Que faut-il entendre par « Europe des Lumières » ?

Pages 9 à 13

Notes

  • [1]
    Voir l’article consacré aux réseaux chez Condorcet dans le dernier numéro hors-série d’Humanisme, consacré à l’idée d’universalisme.
  • [2]
    Pour développer ce point, nous renvoyons à Pierre-Yves Beaurepaire (2004).
  • [3]
    Voir les deux premiers chapitres du livre récent de B. Binoche (2018).
  • [4]
    Voir l’ouvrage récent de R. Darnton (2018).
  • [5]
    Voir le récent ouvrage de Philippe Foussier : Combats maçonniques, Conform Édition 2019.

1En 1994, Didier Masseau tenta de résumer l’importance du cadre européen dans la constitution des Lumières. Des expressions fortes sont utilisées : « communauté européenne des Lumières », « nouveau mode d’appréhension du monde », « souci de rechercher la vérité » dans un contexte où « les solidarités traditionnelles subissent un ébranlement décisif. » Et l’auteur d’insister sur l’établissement d’un « espace de communication » par les voyages, les échanges où s’expriment les talents dans la joie des savoirs partagés, notamment grâce aux réseaux de la sociabilité savante (les Académies). Il note aussi le rôle des Salons littéraires et des réseaux maçonniques qui accompagnent les échanges commerciaux. Cette émulation sans contrainte trouve dans l’Europe un relais amplificateur. Ces échanges, en retour, nourrissent les savoirs mais aussi la volonté d’en installer la transmission dans la durée. Dans son Éloge de Benjamin Franklin, Concorcet, en lecteur fidèle de Voltaire, résume ainsi cette spirale émancipatrice, studieuse et vertueuse : « Plus les hommes sont éclairés, plus ils seront libres […] Il y a une nécessaire union des Lumières et de la liberté [1]. » D. Masseau peut donc conclure : « se crée ainsi un espace de communication que favorisent les voyages, l’accroissement européen des réseaux académiques, l’essor de la franc-maçonnerie et l’évolution des salons littéraires [2]. »

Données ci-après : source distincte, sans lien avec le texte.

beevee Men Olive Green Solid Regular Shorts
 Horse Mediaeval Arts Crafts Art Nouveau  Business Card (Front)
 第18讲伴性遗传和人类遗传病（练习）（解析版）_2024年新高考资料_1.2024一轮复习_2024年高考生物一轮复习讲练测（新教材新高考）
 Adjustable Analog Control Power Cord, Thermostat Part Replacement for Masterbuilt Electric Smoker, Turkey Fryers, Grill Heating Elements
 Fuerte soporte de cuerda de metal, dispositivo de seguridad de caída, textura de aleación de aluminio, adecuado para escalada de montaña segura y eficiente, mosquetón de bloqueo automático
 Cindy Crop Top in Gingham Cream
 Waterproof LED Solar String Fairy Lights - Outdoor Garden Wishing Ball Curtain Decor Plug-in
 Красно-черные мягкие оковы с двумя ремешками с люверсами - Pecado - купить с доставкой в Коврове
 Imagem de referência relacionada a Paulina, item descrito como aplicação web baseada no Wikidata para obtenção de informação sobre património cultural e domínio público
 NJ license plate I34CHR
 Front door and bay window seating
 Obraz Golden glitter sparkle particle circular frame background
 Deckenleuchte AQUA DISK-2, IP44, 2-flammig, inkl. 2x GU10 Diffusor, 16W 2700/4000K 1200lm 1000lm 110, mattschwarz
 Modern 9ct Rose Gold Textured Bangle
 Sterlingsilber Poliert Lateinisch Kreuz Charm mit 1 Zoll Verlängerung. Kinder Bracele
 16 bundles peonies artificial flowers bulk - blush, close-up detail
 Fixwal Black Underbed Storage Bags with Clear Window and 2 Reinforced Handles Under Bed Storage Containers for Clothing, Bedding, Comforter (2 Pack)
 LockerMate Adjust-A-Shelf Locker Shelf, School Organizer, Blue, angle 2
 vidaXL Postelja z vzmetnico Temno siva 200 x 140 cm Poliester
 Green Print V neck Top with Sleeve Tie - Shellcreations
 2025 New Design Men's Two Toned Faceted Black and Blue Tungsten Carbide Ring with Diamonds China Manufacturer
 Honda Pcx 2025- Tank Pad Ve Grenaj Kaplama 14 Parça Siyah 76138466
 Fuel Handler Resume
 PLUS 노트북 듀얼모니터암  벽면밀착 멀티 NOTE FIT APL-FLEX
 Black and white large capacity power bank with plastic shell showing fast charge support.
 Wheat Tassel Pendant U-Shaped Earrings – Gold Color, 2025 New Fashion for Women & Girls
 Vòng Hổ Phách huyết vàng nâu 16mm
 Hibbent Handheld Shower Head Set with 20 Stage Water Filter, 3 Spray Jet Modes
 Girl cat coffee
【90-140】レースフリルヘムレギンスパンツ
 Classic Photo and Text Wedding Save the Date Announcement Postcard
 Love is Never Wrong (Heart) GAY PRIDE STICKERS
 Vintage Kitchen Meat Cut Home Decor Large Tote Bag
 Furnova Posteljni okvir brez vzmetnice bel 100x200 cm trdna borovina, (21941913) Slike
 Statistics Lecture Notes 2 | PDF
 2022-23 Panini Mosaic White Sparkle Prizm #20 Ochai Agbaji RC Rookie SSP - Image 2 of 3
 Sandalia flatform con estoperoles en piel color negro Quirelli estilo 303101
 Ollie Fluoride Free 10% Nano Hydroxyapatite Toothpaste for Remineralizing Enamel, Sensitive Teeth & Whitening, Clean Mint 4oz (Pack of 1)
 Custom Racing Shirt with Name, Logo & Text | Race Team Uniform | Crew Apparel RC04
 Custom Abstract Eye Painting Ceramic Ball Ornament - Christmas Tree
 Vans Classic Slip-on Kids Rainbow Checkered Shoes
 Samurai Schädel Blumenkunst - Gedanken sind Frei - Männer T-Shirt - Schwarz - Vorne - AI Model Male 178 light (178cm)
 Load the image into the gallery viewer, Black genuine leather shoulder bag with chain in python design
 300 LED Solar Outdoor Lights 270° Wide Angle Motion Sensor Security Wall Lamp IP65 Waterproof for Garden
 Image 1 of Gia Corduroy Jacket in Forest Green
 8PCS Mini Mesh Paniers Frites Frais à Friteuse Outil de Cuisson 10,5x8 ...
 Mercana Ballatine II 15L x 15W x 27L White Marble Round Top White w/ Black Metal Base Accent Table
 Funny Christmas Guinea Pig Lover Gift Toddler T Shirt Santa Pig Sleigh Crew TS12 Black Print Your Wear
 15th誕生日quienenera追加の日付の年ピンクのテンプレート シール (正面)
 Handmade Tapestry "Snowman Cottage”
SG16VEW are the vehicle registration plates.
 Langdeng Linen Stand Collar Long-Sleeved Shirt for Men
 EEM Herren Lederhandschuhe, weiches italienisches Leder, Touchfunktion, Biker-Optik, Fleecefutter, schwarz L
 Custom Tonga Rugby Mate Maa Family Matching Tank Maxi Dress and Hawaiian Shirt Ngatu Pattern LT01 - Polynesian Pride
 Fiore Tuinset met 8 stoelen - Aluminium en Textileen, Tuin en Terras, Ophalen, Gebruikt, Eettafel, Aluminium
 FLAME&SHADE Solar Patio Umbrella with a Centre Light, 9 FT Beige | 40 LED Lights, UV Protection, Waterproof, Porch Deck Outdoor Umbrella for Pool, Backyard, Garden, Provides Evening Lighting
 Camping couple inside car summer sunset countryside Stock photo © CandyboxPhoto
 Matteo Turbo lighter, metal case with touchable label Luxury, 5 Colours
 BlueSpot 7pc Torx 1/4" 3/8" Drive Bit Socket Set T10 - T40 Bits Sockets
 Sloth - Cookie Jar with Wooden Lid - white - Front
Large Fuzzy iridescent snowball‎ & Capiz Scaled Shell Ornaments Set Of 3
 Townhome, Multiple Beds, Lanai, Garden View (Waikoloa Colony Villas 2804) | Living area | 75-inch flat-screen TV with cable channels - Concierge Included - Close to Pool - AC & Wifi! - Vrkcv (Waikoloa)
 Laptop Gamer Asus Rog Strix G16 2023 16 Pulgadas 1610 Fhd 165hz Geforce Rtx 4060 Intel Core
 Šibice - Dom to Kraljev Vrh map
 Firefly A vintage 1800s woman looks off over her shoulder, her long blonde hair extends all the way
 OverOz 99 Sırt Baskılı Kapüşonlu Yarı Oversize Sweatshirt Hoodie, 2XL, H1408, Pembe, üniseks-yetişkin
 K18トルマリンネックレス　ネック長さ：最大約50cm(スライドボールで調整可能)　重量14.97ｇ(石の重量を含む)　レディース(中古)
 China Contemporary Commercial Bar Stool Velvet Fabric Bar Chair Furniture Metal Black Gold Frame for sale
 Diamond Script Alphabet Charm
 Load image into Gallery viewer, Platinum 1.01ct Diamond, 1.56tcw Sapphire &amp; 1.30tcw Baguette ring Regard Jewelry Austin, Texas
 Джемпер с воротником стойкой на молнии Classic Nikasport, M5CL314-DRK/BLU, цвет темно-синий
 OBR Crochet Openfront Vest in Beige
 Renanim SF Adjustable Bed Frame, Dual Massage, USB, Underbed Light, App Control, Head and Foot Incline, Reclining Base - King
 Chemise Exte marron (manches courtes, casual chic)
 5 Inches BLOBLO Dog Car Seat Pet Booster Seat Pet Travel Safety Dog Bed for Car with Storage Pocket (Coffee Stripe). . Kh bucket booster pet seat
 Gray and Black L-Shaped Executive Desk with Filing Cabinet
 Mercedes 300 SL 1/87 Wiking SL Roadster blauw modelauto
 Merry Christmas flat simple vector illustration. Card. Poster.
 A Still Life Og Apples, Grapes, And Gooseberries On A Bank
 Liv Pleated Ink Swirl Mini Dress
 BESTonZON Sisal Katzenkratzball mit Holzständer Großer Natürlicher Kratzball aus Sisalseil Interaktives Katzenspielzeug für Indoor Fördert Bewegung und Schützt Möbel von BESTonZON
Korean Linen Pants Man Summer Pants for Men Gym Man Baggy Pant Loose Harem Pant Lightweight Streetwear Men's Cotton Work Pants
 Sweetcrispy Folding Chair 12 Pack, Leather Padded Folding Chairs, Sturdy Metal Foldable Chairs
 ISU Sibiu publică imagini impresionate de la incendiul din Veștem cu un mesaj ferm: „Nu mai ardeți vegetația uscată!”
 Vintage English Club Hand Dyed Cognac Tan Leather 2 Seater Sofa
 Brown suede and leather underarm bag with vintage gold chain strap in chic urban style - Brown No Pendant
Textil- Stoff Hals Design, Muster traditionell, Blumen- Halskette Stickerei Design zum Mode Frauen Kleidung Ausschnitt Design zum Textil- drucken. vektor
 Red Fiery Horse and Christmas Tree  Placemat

Voltaire et « l’argument par l’Europe »

2On doit à Voltaire de nous avoir fourni la raison philosophique de cette richesse de l’idée d’Europe au siècle des Lumières. Exilé en Angleterre, il constate que même dans le contexte national anglais, un esprit libre peut parfois être baillonné, et c’est vers l’Europe éclairée qu’il se tourne pour être reconnu. Dans sa 12e Lettre philosophique (1734), consacrée à un éloge de Bacon, il précise : « Il faut commencer par le fameux comte de Verulam, connu en Europe sous le nom de Bacon […]. Ses ennemis étaient à la cour de Londres ; ses admirateurs étaient dans toute l’Europe […] il a l’estime de l’Europe. » Voltaire, par conséquent, se tourne vers l’Europe des Lumières pour en faire une amplification émancipatrice promouvant les talents individuels non reconnus. Appelons « argument par l’Europe » ce processus par lequel les philosophes et savants des Lumières surent se libérer des entraves politiques, religieuses, sociales qui freinaient voire empêchaient leurs recherches scientifiques, philosophiques, artistiques et littéraires. On comprend bien qu’à travers le cas de Bacon, Voltaire nous parle de lui-même, chassé de France mais admiré dans toute l’Europe. En 1792, Condorcet reprend cet argument en valorisant « l’opinion générale des hommes éclairés de l’Europe. » L’Europe devient l’idée régulatrice et mobilisatrice d’un ensemble d’esprits libres au travail, luttant contre l’arbitraire et l’intolérance des cléricalismes religieux et politiques [3]. C’est pourquoi l’Europe des Lumières peut être un recours pour tous les défenseurs de la liberté de penser et de s’exprimer, contre les effets réducteurs, voire anti-humanistes, d’un économisme à courte vue. En ce sens, l’idée d’Europe des Lumières peut nous guérir de la réduction européiste actuelle. L’européisme technocratique actuel est la régression anti-humaniste de l’idée de l’Europe des Lumières.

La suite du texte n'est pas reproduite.